One of my most deeply held beliefs about the whole thing is that the formation, the nature, and the machinations of one organisation are seeking to lead the entire modern living vampire movement along a path that will lead to people being put in harm’s way and I will not allow that to happen to myself nor to my family. When an organisation; any organisation, decides that it has some self-awarded mandate to proceed in what they only see as the best interests of a larger population… well, I think we can all cite historical, and disastrous, examples of that. For four years now I have watched the twists and turns that have unfolded since a statement beginning, “Change is coming, however, if it is going to be on OUR terms…” was made on the 23rd of September; the events that have unfolded bear an uncanny similarity to a discussion I held with a well-known person in the so-called “community” going back to August of that year. Coincidence? After 14 years in the OVC I don’t believe in coincidence.

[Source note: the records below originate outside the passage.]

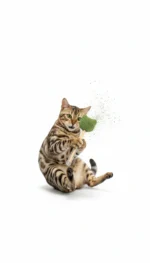 Nunbell Catnip Toy - Image 8
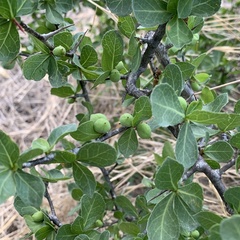 Commiphora glandulosa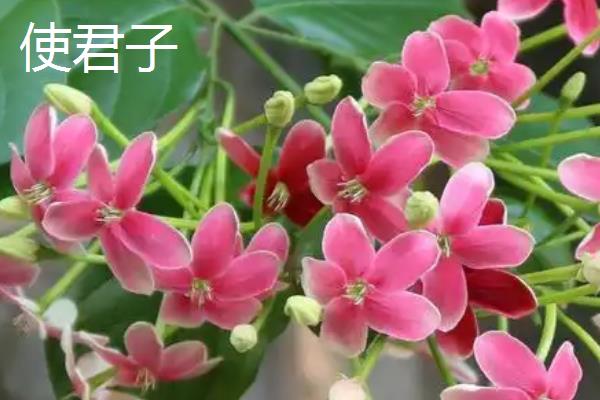 代表健康平安的花卉有哪些，月季花、百合花等品种均有健康平安的含义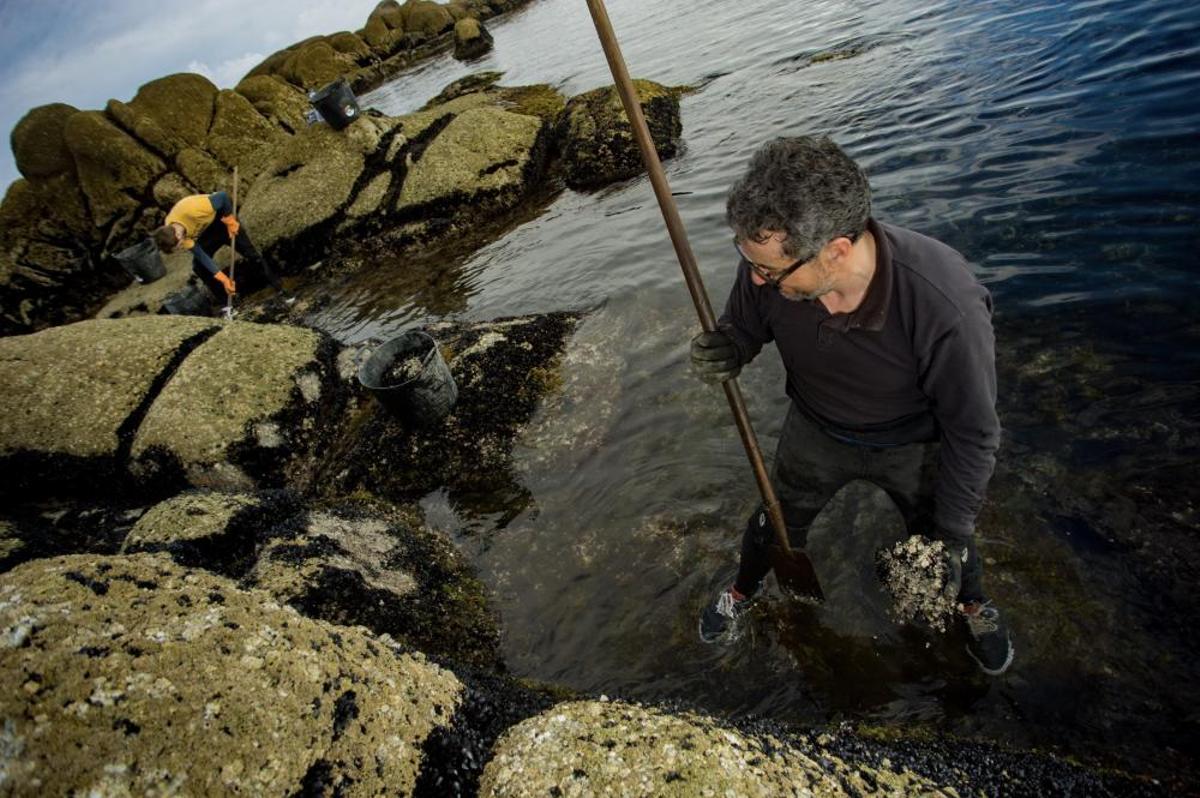 Así recolectan mejilla los bateeiros de Arousa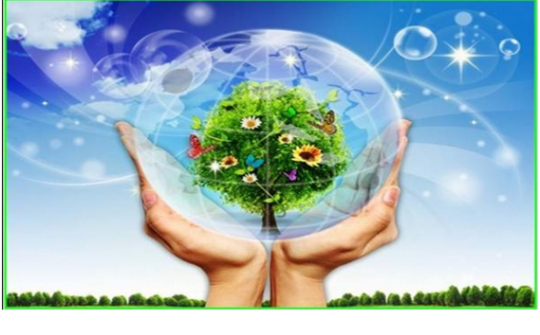 Thủ tướng Nguyễn Xuân Phúc: Tăng trưởng kinh tế phải gắn với bảo vệ môi trường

Now, in 2016, having spent these last years trying to help build positive and solid foundations in assisting others, having aligned with many good people who have been trying to achieve good things, after watching some of the worst examples of human-vampire kind be elevated to positions where they consider themselves irreproachable, having watched profiteering, betrayals, acts of cruelty and sedition that, over the last several years, have reached depressingly vast proportions I have come to the conclusion that I have nothing more to contribute. I alluded to some of these things in the inaugural Crossroads 2016 so I don’t think there will be too many who will not be able to understand where I’m coming from.
I have made many wonderful friends, close confidantes and met some awesome people during the last several years and it is those people I wish to maintain my contact with now. I have much that I want to achieve and I have much to keep me occupied.
Does this mean I am going to stop being a “real human living vampire”? HAH…! Go ask a mountain to stop being a mountain, you’ll achieve more. I have been a “real modern day vampire” for almost 36 years that I have been fully aware of and, most probably well before that given the thoughts I experienced from as early as 8 years old.
I CAN’T stop being what I am, and nor would I want to but the fact is I have come to the inescapable conclusion that the Vampire is meant to be solitary, for our own safety. We’re not meant to gather in “clubs”, “councils”, “Houses” or any other sort of thing like that… this is NOT some strangely twisted LARP version of Underworld, much as that will disappoint many.
No, dear reader, the fire hasn’t gone out, the truth of the matter is that the modern Vampyre sub-culture, especially in its online incarnation is not worth fighting for any longer.
As a social entity, to quote the local pundits around where I live, “it is what it is.” Perhaps this is something I should have come to realise sooner but there burns, within a person, a fire to see certain things in a better light than they actually are. Perhaps, if I have made a grave mistake along the way, that is it.
I have made the decision that I will no longer align myself with any organisation, group, “House”, “Order” or “Family” – What can I say, call me Ronin…!
I will be stepping down as the Editor in Chief and Senior Staff Writer for The RVL E-Zine and doing things that I wish to engage in from now on. I would like to personally thank all the readers of The RVL E-Zine for their support and patronage over the years and I really, really do hope that I have been able to help at least one person along the way.